Aqualta by Studio Lindfors

New York designers Studio Lindfors have created a series of images imagining how New York and Tokyo might look like in a few hundred years as a result of rising sea levels.

Above: New York

Called Aqualta, the project predicts that communities will adapt to the changes by building piers and navigable canals to replace the existing transport networks.

Above: New York

The images depict rooftops used for growing food and oyster beds cultivated to protect the coasts.

Above: New York

See also: Flooded London by Squint/Opera

Above: New York

Here's some text from the designers:


AQUALTA by Studio Lindfors

Studio Lindfors has released a new series of images called Aqualta – a play on Acqua Alta, the increasing high tides flooding Venice – which visually explores what a coastal metropolis might feel like a hundred years from now due to rising sea levels.
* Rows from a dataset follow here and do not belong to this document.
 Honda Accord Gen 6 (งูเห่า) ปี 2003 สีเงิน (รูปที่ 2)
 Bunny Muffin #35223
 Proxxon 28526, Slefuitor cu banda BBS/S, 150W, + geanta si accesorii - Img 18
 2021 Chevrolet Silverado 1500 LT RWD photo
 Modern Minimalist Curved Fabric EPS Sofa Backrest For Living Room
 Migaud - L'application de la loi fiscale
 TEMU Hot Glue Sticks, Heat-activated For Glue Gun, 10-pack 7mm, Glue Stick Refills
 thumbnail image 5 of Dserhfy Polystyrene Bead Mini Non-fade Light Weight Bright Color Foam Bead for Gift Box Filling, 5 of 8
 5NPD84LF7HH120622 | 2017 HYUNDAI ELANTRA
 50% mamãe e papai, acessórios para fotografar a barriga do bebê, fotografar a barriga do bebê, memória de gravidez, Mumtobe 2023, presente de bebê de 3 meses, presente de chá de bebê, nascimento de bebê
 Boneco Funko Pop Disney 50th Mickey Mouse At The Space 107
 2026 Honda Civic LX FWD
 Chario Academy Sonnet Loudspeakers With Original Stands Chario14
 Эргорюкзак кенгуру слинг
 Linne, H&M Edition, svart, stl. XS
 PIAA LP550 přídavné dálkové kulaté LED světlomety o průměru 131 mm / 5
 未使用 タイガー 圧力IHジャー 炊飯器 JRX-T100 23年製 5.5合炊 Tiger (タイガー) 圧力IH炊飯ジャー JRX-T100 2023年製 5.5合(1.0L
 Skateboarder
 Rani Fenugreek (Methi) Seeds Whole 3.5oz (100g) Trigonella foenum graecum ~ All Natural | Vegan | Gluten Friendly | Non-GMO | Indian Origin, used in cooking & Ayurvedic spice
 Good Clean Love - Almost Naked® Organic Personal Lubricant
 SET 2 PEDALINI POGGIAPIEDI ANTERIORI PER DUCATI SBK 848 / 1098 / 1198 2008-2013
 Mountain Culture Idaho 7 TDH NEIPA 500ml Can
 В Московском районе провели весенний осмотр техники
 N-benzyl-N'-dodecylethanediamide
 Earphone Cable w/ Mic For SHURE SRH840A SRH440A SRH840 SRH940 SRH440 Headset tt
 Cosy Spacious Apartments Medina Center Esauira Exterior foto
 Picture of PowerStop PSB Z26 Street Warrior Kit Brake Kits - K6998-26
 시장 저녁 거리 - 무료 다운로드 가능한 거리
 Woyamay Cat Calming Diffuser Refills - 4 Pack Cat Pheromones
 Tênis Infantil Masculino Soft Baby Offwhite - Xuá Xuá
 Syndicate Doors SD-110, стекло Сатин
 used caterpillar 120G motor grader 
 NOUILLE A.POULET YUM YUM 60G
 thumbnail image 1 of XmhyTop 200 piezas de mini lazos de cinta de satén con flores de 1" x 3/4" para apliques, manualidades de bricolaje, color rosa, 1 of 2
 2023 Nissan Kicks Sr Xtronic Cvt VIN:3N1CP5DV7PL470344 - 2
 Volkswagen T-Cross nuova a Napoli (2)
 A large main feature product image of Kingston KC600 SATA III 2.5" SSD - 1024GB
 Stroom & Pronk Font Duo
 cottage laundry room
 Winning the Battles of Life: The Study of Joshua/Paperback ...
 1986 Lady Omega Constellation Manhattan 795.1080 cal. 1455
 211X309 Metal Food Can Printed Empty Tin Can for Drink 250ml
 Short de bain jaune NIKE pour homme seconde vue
The images illustrate two cultural and financial epicenters – Tokyo and New York – adapting to, rather than resisting, rising waters.

Above: Tokyo

Aqualta imagines city dwellers migrating to higher and dryer elevations as water levels gradually increase. Piers, boardwalks and systems of navigable canals reestablish the transportation network lost below.

Above: Tokyo

Residents repurpose rooftops for farms and greenhouses. Wetland ecologies and oyster beds thrive and take root to better protect coasts from future storms. The cities are shown without combustion – engines, power plants, all emissions are rendered obsolete – resulting in cleaner, quieter neighborhoods. Aqualta reveals an adaptable city infrastructure capable of acclimating to nature.

Above and top: New York

Studio Lindfors is a design firm based in New York City. The firm is versed in a wide range of project types and dedicated to the pursuit of speculative proposals that explore the realm of the fantastic. Current projects include a restaurant in Houston, a film studio in Brooklyn and illustrations for the House of Inconvenience.